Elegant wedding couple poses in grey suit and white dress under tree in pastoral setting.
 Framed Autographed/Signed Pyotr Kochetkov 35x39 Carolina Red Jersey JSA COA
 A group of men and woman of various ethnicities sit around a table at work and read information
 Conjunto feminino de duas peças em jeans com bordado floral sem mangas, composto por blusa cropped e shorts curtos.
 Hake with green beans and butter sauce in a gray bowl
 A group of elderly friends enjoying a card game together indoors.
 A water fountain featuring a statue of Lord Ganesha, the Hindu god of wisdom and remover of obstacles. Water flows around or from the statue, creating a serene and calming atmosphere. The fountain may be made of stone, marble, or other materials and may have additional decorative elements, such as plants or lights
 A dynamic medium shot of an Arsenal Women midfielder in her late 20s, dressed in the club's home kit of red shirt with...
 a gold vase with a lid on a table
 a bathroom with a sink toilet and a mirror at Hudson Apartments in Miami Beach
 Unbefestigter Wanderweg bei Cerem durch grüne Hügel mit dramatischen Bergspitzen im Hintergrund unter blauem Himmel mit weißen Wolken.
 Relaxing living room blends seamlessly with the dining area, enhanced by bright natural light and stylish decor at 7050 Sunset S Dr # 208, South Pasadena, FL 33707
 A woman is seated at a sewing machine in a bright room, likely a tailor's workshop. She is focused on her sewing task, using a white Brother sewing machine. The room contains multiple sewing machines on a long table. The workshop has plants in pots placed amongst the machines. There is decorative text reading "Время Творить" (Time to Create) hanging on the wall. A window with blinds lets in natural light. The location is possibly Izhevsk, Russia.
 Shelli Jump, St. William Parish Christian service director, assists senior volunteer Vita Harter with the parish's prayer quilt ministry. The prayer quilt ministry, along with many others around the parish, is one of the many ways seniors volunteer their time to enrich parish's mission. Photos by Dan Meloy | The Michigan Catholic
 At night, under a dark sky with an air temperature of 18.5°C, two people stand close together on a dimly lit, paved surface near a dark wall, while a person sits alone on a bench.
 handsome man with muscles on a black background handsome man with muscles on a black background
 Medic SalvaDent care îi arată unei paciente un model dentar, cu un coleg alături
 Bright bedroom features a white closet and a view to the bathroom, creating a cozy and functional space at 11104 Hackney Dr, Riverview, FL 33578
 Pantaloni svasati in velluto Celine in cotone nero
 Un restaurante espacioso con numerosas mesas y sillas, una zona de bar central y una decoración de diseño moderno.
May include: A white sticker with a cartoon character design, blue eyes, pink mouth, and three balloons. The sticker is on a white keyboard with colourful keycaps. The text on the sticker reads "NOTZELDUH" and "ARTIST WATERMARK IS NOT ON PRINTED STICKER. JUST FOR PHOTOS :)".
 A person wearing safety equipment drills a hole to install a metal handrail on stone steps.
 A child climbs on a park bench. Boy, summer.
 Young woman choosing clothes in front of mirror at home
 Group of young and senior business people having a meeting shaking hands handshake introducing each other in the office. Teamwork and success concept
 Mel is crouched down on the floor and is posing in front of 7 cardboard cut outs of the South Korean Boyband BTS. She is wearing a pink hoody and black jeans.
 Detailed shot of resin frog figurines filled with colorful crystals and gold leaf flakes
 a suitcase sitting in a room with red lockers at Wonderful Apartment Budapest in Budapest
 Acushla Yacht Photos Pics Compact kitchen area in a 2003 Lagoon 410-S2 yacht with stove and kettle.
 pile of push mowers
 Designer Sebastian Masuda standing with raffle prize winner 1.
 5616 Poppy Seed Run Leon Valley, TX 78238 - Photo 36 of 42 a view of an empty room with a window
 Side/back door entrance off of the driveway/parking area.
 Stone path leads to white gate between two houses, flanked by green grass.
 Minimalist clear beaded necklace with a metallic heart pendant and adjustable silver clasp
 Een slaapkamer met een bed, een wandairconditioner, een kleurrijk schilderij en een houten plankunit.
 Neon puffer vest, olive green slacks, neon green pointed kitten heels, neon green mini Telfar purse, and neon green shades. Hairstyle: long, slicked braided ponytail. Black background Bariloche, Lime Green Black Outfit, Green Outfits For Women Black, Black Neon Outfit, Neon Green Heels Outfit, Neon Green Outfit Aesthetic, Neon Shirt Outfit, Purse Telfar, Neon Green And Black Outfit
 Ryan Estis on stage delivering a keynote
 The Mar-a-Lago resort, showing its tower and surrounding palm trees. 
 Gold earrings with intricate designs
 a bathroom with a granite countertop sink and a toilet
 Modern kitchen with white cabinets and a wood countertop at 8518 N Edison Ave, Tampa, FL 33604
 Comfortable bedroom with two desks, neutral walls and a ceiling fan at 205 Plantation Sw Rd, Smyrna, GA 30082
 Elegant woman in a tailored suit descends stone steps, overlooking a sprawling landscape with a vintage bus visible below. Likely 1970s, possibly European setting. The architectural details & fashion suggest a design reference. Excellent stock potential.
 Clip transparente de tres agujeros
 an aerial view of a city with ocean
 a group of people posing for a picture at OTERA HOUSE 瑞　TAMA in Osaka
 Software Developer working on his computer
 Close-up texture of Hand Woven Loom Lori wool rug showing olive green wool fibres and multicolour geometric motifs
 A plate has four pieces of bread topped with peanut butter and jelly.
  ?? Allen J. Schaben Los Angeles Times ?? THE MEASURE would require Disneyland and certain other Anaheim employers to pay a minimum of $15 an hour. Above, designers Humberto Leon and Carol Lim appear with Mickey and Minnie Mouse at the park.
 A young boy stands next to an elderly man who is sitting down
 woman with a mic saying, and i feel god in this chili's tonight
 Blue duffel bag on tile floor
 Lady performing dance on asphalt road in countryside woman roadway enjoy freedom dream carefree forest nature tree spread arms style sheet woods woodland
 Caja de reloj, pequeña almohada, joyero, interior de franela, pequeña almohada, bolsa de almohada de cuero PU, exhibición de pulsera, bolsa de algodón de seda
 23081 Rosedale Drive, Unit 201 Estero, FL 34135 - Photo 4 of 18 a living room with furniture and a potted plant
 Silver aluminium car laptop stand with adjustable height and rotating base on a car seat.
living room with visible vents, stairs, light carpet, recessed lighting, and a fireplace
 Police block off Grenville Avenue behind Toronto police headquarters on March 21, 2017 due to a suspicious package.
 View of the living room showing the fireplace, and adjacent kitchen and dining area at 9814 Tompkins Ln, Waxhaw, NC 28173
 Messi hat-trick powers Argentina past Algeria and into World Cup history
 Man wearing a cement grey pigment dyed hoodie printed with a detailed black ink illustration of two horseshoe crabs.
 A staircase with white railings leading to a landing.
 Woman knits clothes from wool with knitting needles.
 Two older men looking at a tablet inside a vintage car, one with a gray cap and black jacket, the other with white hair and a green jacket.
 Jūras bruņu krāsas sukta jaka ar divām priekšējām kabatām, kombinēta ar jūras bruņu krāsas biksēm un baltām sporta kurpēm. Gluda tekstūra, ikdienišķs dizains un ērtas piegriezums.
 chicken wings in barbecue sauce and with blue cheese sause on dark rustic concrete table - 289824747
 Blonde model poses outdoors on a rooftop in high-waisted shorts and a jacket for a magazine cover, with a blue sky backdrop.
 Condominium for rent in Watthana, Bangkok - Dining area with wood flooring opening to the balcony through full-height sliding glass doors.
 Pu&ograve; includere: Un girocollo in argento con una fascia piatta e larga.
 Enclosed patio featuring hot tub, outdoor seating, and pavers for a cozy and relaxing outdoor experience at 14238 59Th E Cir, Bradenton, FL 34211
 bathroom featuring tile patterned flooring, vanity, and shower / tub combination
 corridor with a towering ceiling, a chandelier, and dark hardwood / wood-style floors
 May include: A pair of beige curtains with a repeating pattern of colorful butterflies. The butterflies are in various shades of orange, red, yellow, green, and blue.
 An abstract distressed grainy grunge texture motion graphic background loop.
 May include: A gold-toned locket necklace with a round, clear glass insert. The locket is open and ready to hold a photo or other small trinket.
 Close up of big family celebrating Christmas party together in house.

◆ ◆ ◆ ◆ ◆ ◆ ◆

In the listing above, find the line with "Een slaapkamer met" and the line with "The Mar-a-Lago resort, showing"; set down exactly those two lines and every line between them, nothing more.

 Een slaapkamer met een bed, een wandairconditioner, een kleurrijk schilderij en een houten plankunit.
 Neon puffer vest, olive green slacks, neon green pointed kitten heels, neon green mini Telfar purse, and neon green shades. Hairstyle: long, slicked braided ponytail. Black background Bariloche, Lime Green Black Outfit, Green Outfits For Women Black, Black Neon Outfit, Neon Green Heels Outfit, Neon Green Outfit Aesthetic, Neon Shirt Outfit, Purse Telfar, Neon Green And Black Outfit
 Ryan Estis on stage delivering a keynote
 The Mar-a-Lago resort, showing its tower and surrounding palm trees. 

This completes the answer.